## EXERCISE PROMPT
Copy out exactly the stretch below, from the line with "groups of adults" through the line with "Four alloy wheels", both included; the pictures stay out.

## SUPPLIED INFORMATION
==============================

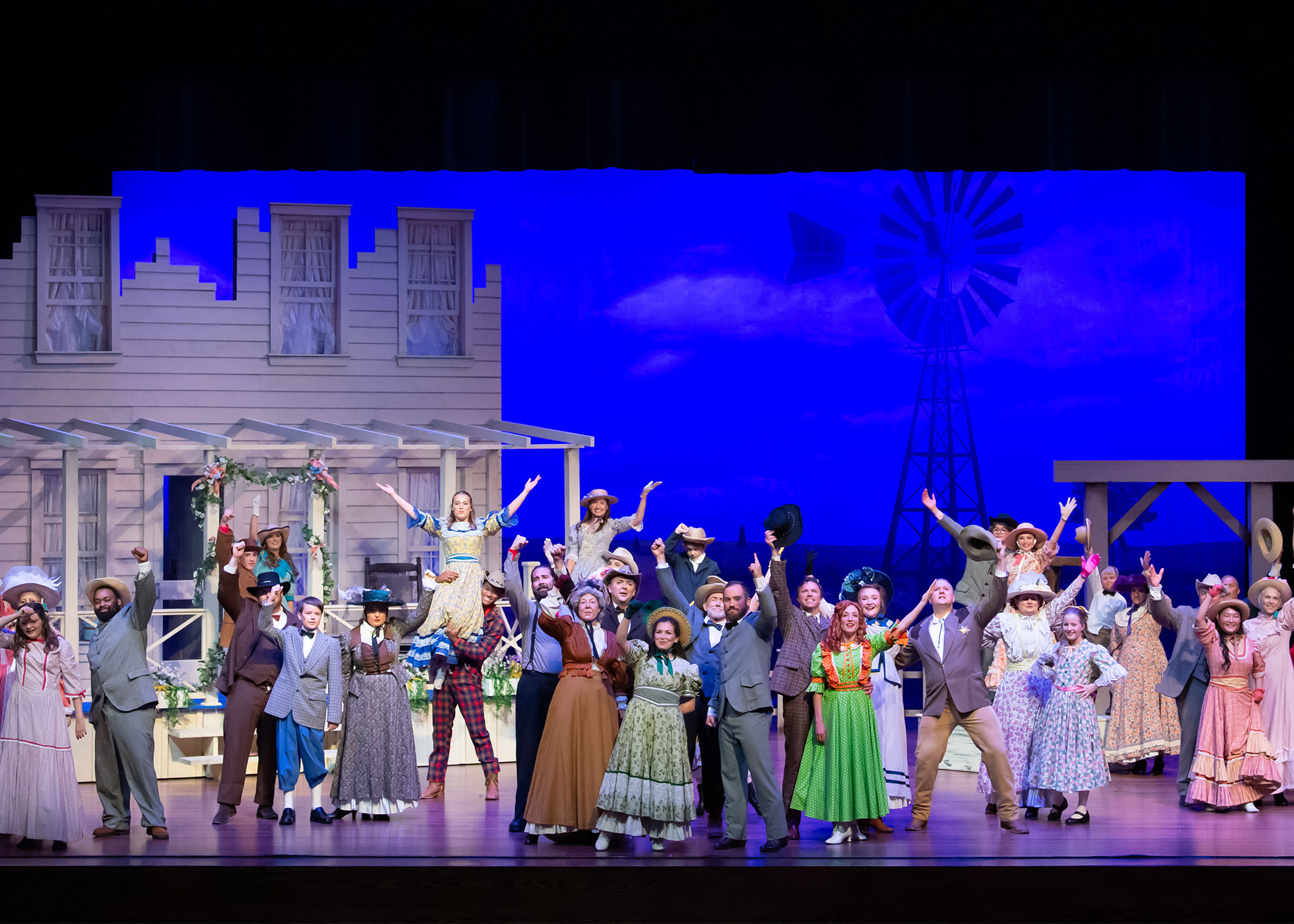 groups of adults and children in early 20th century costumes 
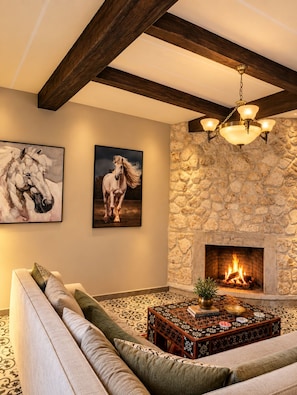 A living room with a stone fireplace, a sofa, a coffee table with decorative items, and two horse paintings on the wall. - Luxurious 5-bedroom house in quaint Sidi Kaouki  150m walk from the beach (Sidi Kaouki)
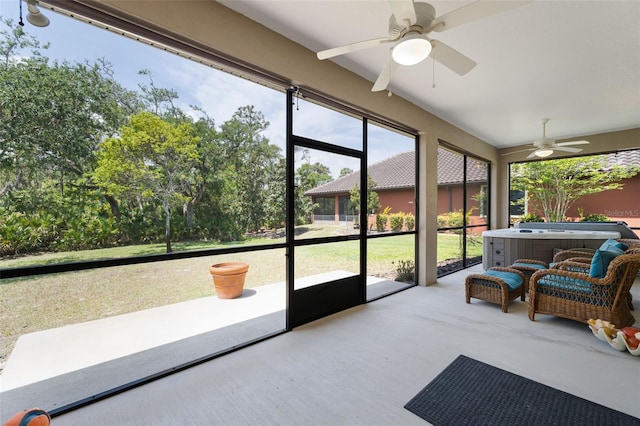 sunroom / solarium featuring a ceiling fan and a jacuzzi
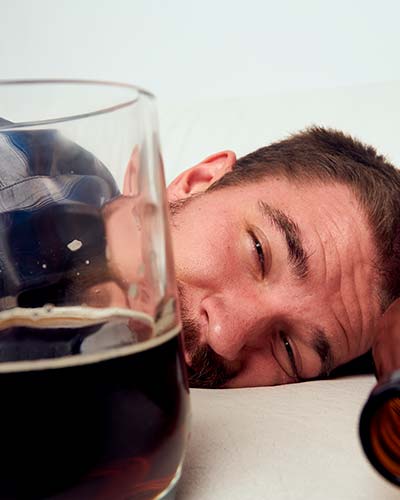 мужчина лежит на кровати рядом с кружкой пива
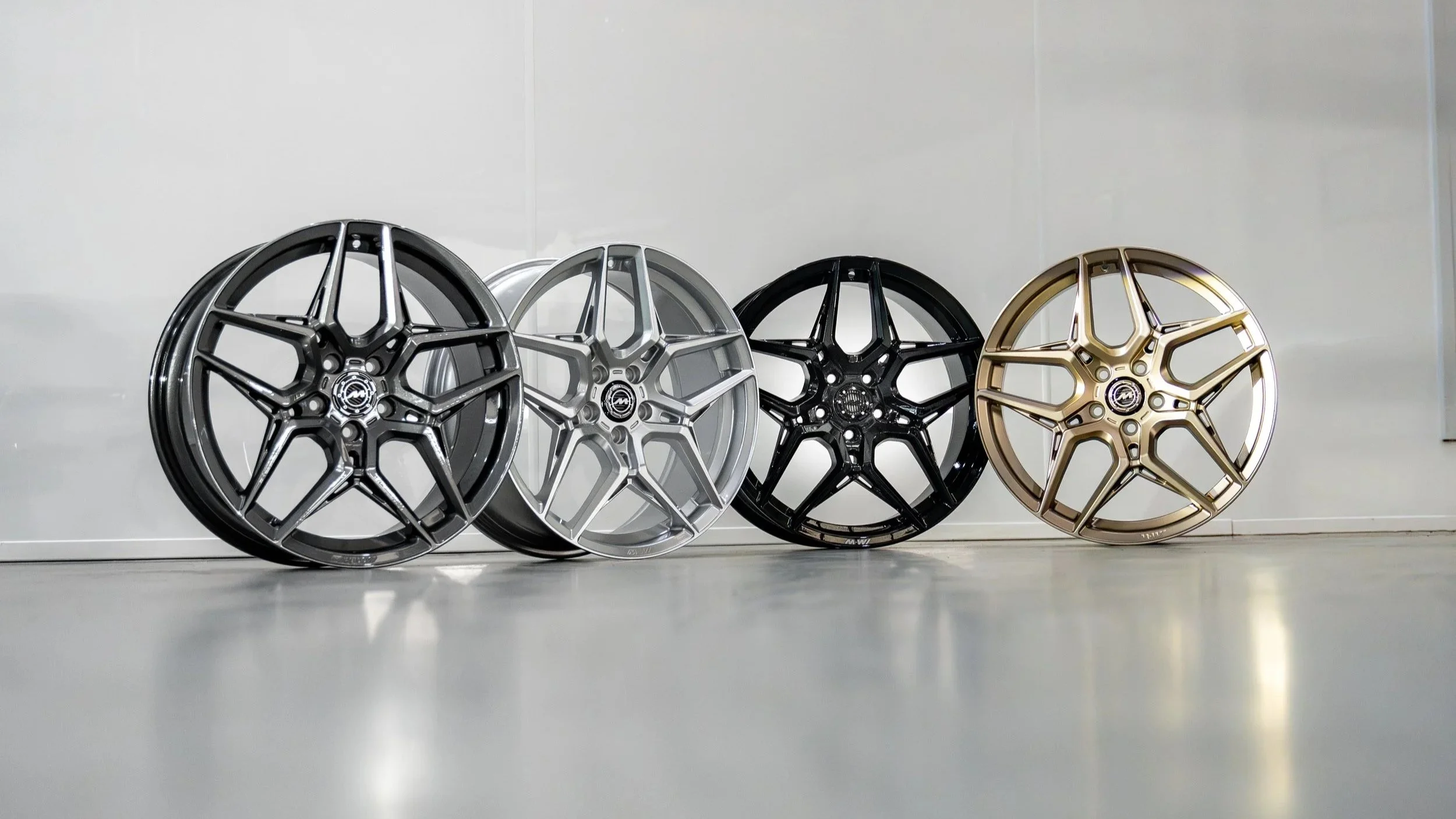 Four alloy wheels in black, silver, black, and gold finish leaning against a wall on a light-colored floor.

==============================

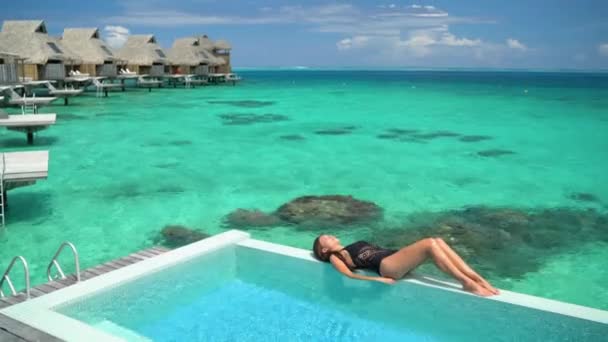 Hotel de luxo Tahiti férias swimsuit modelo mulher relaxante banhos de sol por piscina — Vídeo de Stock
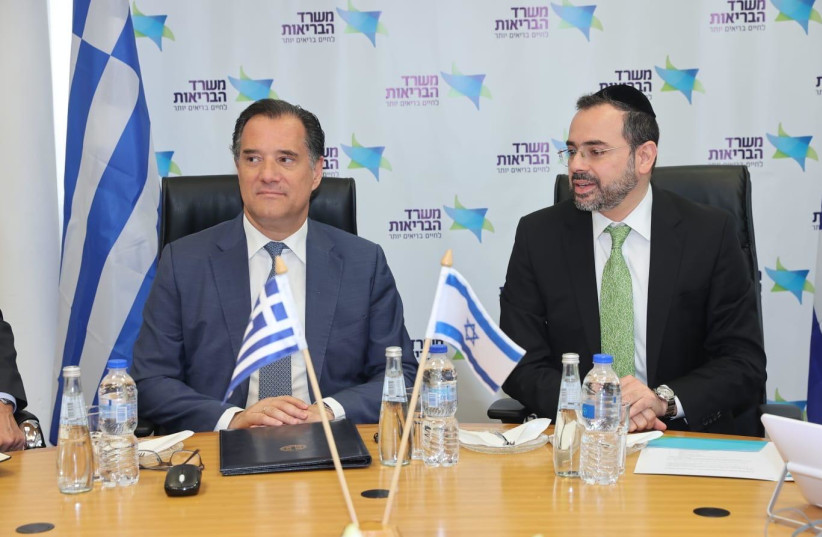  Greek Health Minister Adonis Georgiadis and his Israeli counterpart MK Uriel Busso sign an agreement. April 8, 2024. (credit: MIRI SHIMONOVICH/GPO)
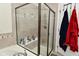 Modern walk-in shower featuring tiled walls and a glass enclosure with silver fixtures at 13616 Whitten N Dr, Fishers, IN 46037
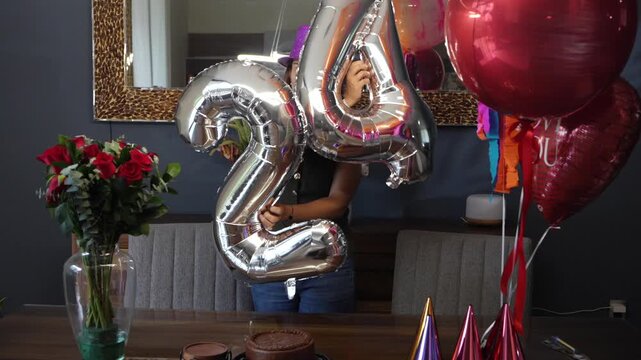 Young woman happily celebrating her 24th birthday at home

==============================

## COMPLETED EXERCISE
 groups of adults and children in early 20th century costumes 
 A living room with a stone fireplace, a sofa, a coffee table with decorative items, and two horse paintings on the wall. - Luxurious 5-bedroom house in quaint Sidi Kaouki  150m walk from the beach (Sidi Kaouki)
 sunroom / solarium featuring a ceiling fan and a jacuzzi
 мужчина лежит на кровати рядом с кружкой пива
 Four alloy wheels in black, silver, black, and gold finish leaning against a wall on a light-colored floor.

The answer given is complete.